With Retrieval Augmented Generation (RAG) becoming more and more prominent in generative AI solutions, there is an emerging need for systematically evaluating their effectiveness. We introduce the LiveRAG benchmark, a publicly available dataset of 895 synthetic questions and answers designed to support systematic evaluation of RAG-based Q&A systems. This synthetic benchmark is derived from the one used during the SIGIR'2025 LiveRAG Challenge, where competitors were evaluated under strict time constraints. It is augmented with information that was not made available to competitors during the Challenge, such as the ground-truth answers, together with their associated supporting claims which were used for evaluating competitors' answers. In addition, each question is associated with estimated difficulty and discriminability scores, derived from applying an Item Response Theory model to competitors' responses. Our analysis highlights the benchmark's questions diversity, the wide range of their difficulty levels, and their usefulness in differentiating between system capabilities. The LiveRAG benchmark will hopefully help the community advance RAG research, conduct systematic evaluation, and develop more robust Q&A systems.

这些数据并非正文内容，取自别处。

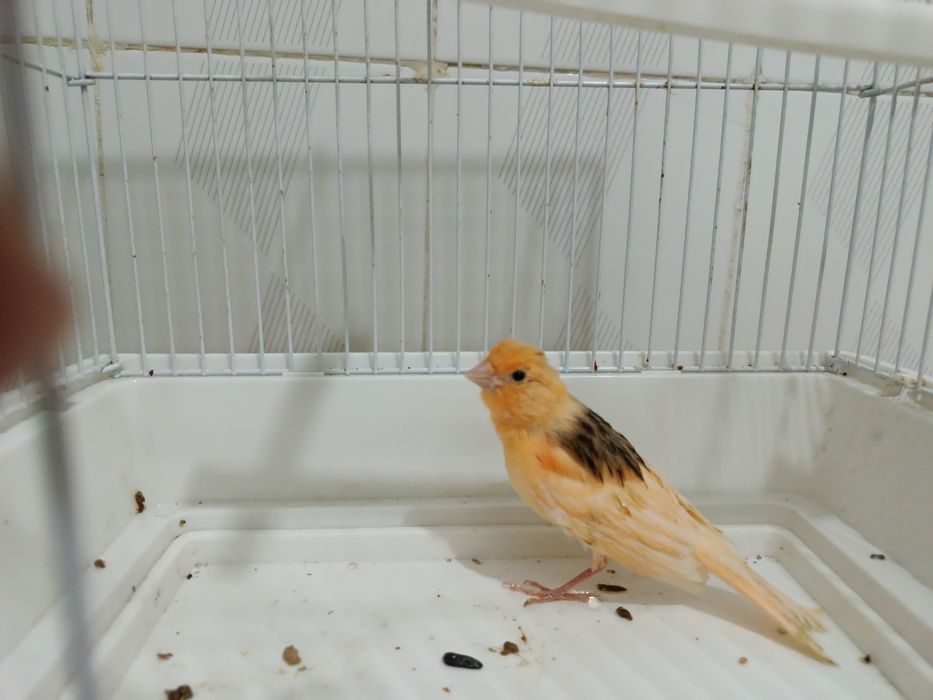 Канарейка молодой нар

翻译：随着检索增强生成（RAG）在生成式人工智能解决方案中日益突出，系统性地评估其有效性已成为一项迫切需求。我们推出了LiveRAG基准测试，这是一个包含895个合成问题与答案的公开数据集，旨在支持对基于RAG的问答系统进行系统性评估。该合成基准源自SIGIR'2025 LiveRAG挑战赛中使用的数据集，该挑战赛要求参赛者在严格的时间限制下接受评估。我们对数据集进行了增强，补充了挑战赛期间未向参赛者公开的信息，例如真实答案及其用于评估参赛者回答的相关支持性主张。此外，每个问题都关联了通过将项目反应理论模型应用于参赛者回答而估算出的难度和区分度分数。我们的分析突显了该基准测试问题的多样性、其难度级别的广泛分布，以及它们在区分系统能力方面的实用性。我们希望LiveRAG基准测试能够帮助社区推进RAG研究、开展系统性评估，并开发出更稳健的问答系统。